Die Geschichte der Auflehnung gegen Puritanismus und Bigotterie ist dann doch spannender. Juliette wird noch dem jungen Bert zu seinem ersten Mal verhelfen, und wir können zusehen, wie ein ganzes Dorf in Aufruhr gerät angesichts dreier Menschen, die das vorleben, wovon alle heimlich träumen. Bevor die Hetzjagd auf Lyle losgeht, besuchen die drei zusammen mit Amy das große Thanksgiving-Fest. Um Lyle und Juliette herum leert sich langsam die Tanzfläche. Die beiden bewegen sich zur Musik auf das Unglaubliche, Unvermeidliche zu, während Amy dazu verbissen im Takt klatscht, als könne sie mit ihrer Solidaritätsbezeugung das Schlimmste noch abwenden.

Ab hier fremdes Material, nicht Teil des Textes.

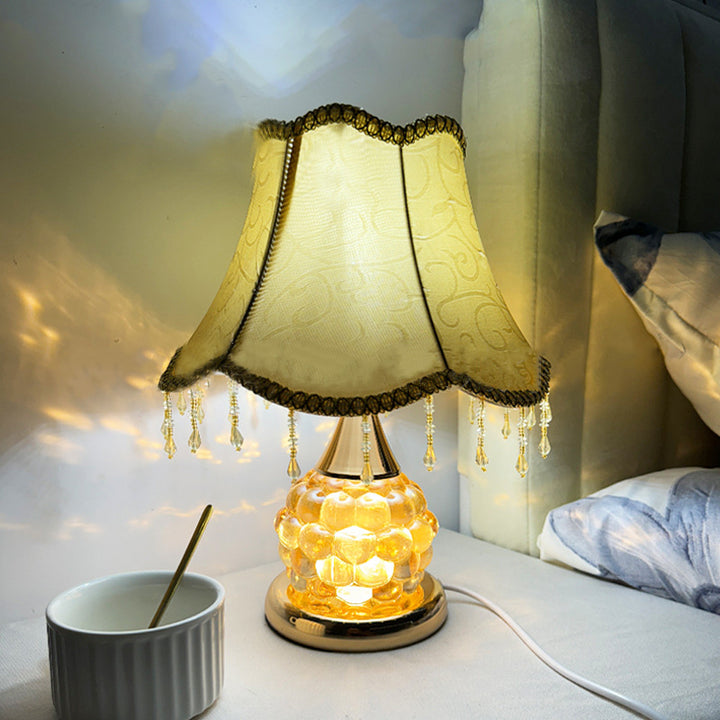 Lampe de table à 1 lumière avec abat-jour à franges en tissu avec base en verre européen traditionnel pour chambre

Man muss sich zwar fragen, an wen der Film sich eigentlich richtet – Menschen, die unter Verhältnissen wie in Rankin leben, werden ihn wohl kaum zu sehen bekommen. Aber vielleicht haben wir es hier mit einem modernen Western zu tun, die genretypischen Merkmale von der weiten Landschaft bis zum Saloon bietet er fast alle. Jean-Marc Barr als einsamer Held des „More Joy of Sex“, seine Waffe: die pure Lust.